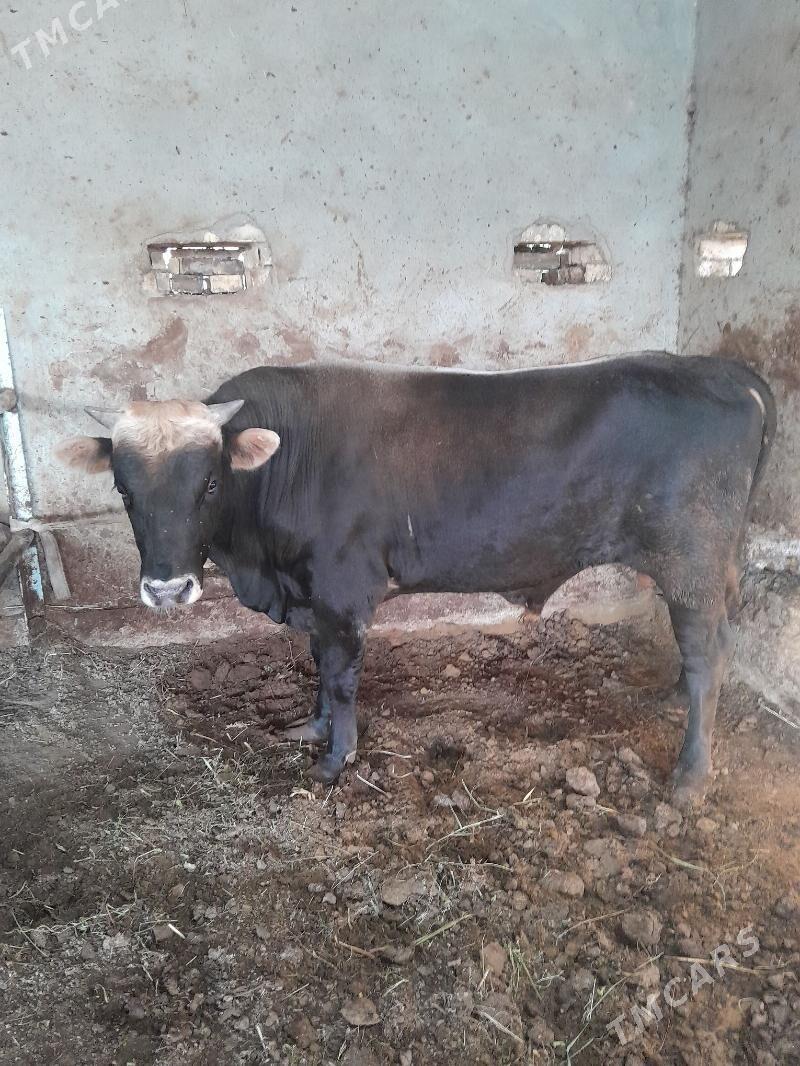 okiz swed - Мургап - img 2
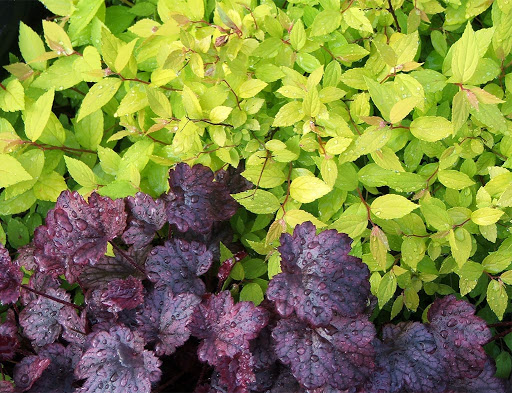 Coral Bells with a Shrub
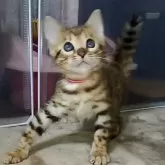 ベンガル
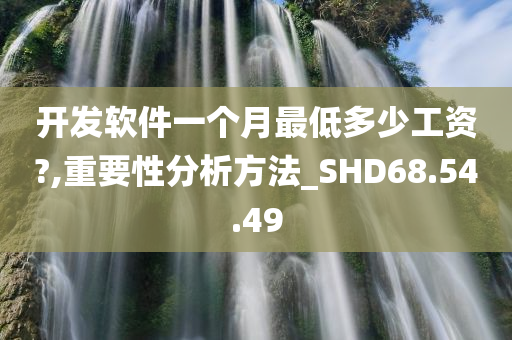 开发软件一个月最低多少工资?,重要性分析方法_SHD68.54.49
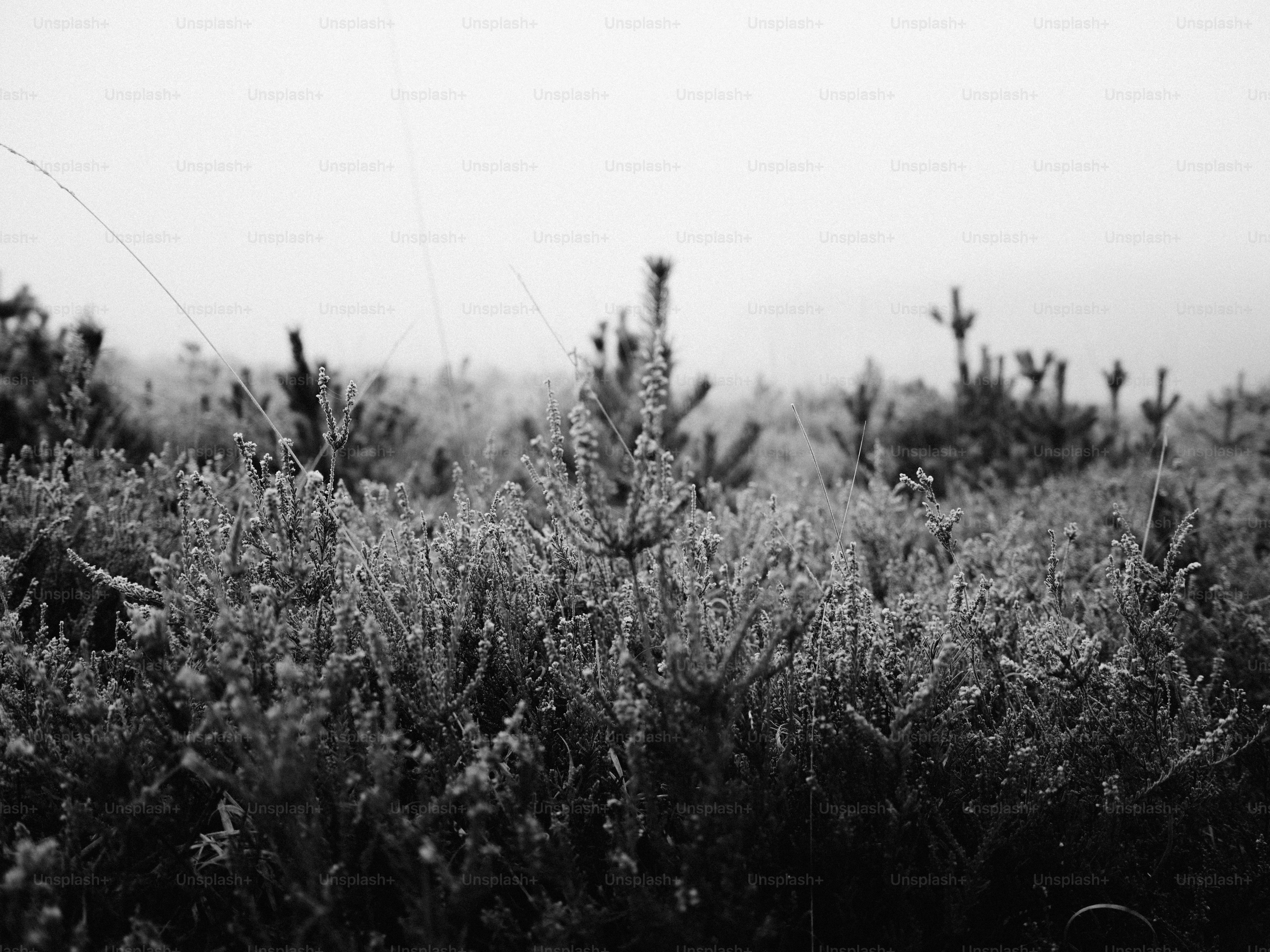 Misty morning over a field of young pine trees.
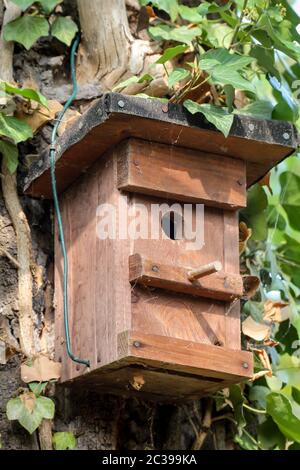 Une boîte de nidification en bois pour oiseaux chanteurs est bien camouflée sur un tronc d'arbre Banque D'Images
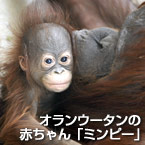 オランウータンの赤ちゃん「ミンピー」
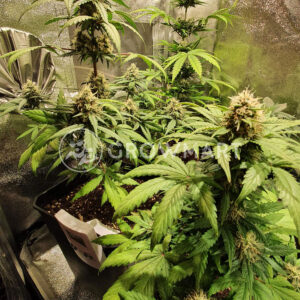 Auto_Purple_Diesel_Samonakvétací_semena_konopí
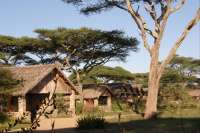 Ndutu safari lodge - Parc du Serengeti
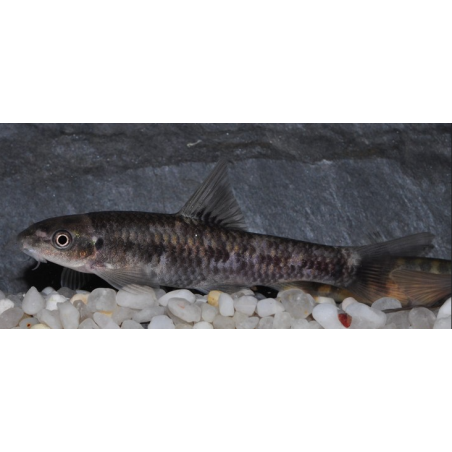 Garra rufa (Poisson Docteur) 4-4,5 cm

——

▶ **DIRECTIONS**
Print the lines from the one holding "Ndutu safari lodge - Parc du Serengeti" through the last line of the records, word for word, and omit the pictures.

▶ **ANSWER BELOW**
 Ndutu safari lodge - Parc du Serengeti
 Garra rufa (Poisson Docteur) 4-4,5 cm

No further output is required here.